● **The problem**: Copy out each line below verbatim, skipping any picture.

● **Records to use**:
============

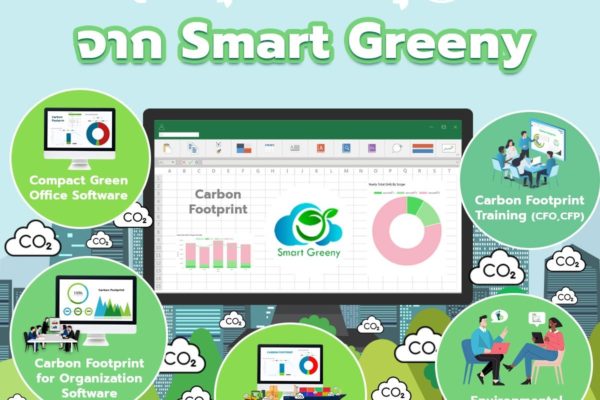 5 บริการสายกรีน จาก Smart Greeny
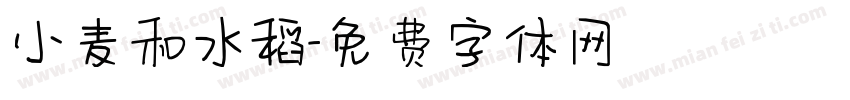 小麦和水稻字体转换
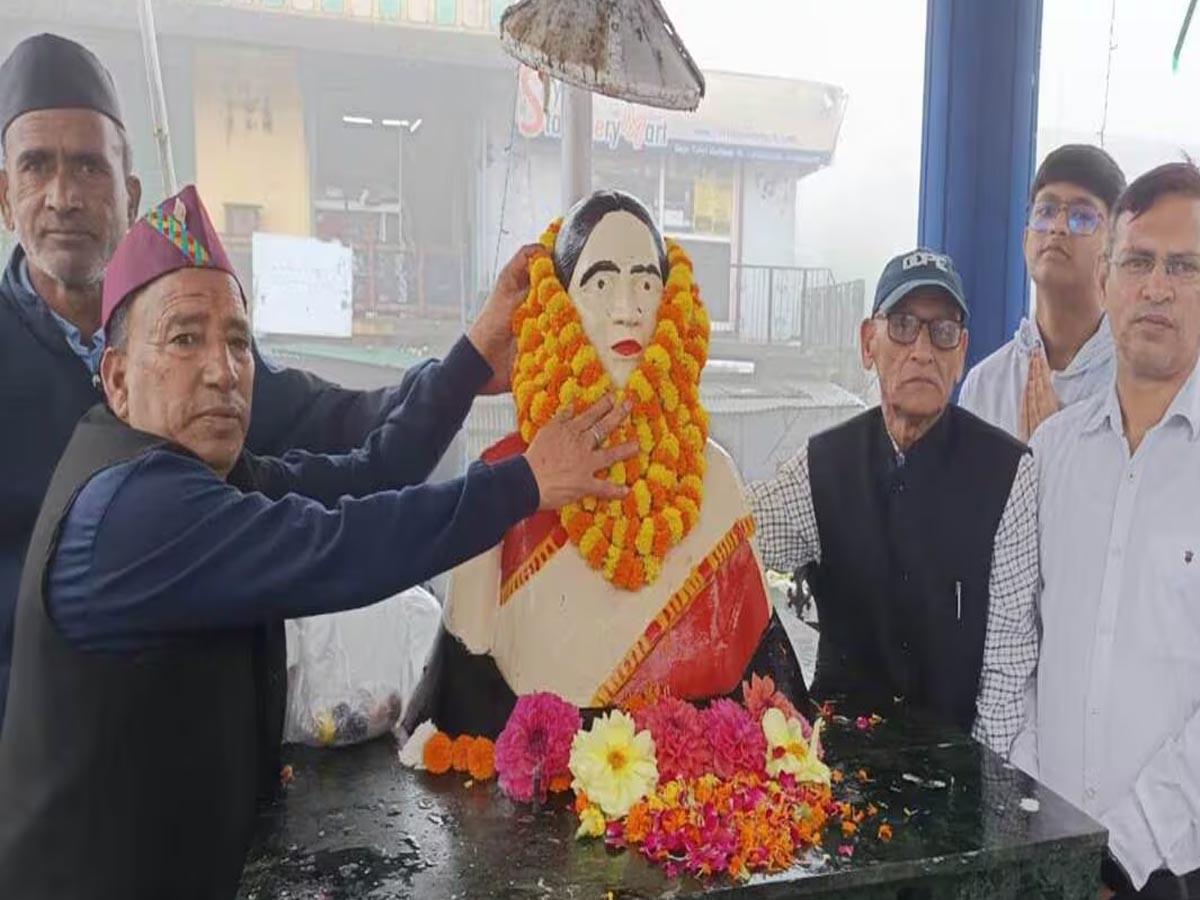 राज्य निर्माण में बलिदान देने वालों को याद किया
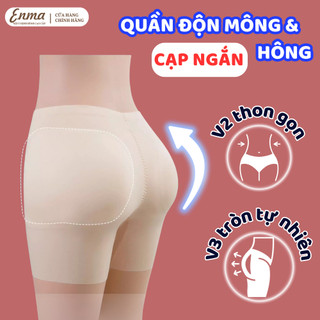Quần Độn Hông Và Mông 2in1 ENMA Cạp Ngắn Nâng Đẩy Tạo Form Vòng 3 Căng Tròn Sexy Chống Cuộn Gập Không Lộ Viền Mút QS12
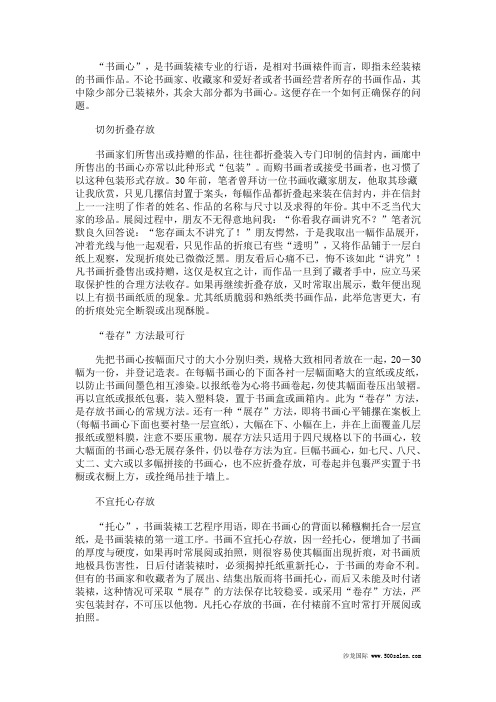 保存书画的画心用“卷存”方法最可行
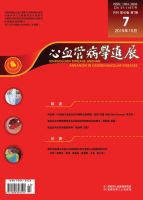 心血管病学进展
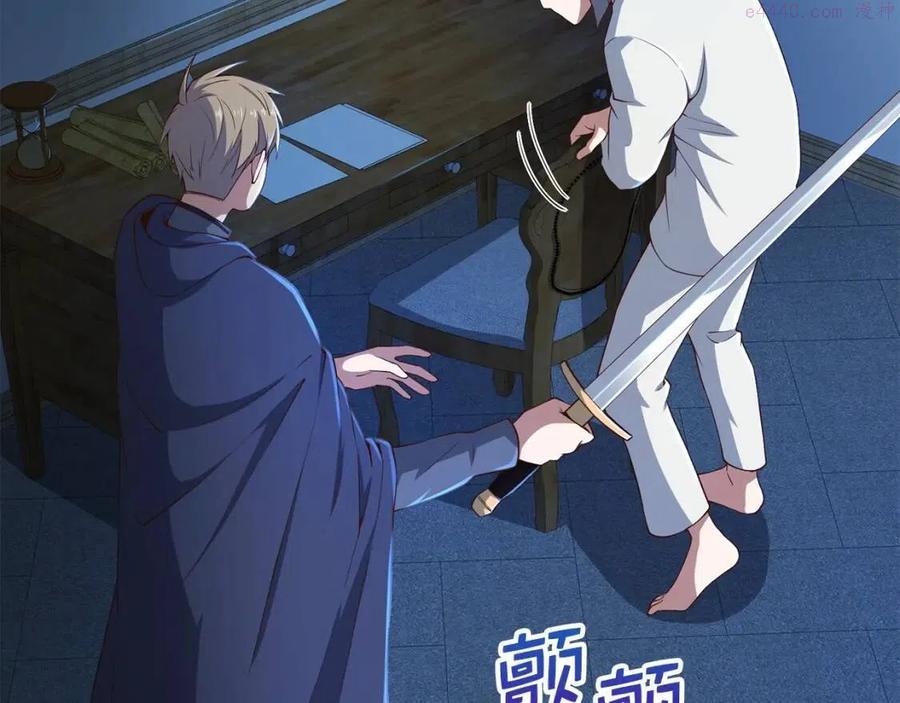 第37话 复仇的快感3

============

● **Written answer**:
 5 บริการสายกรีน จาก Smart Greeny
 小麦和水稻字体转换
 राज्य निर्माण में बलिदान देने वालों को याद किया
Quần Độn Hông Và Mông 2in1 ENMA Cạp Ngắn Nâng Đẩy Tạo Form Vòng 3 Căng Tròn Sexy Chống Cuộn Gập Không Lộ Viền Mút QS12
 保存书画的画心用“卷存”方法最可行
 心血管病学进展
 第37话 复仇的快感3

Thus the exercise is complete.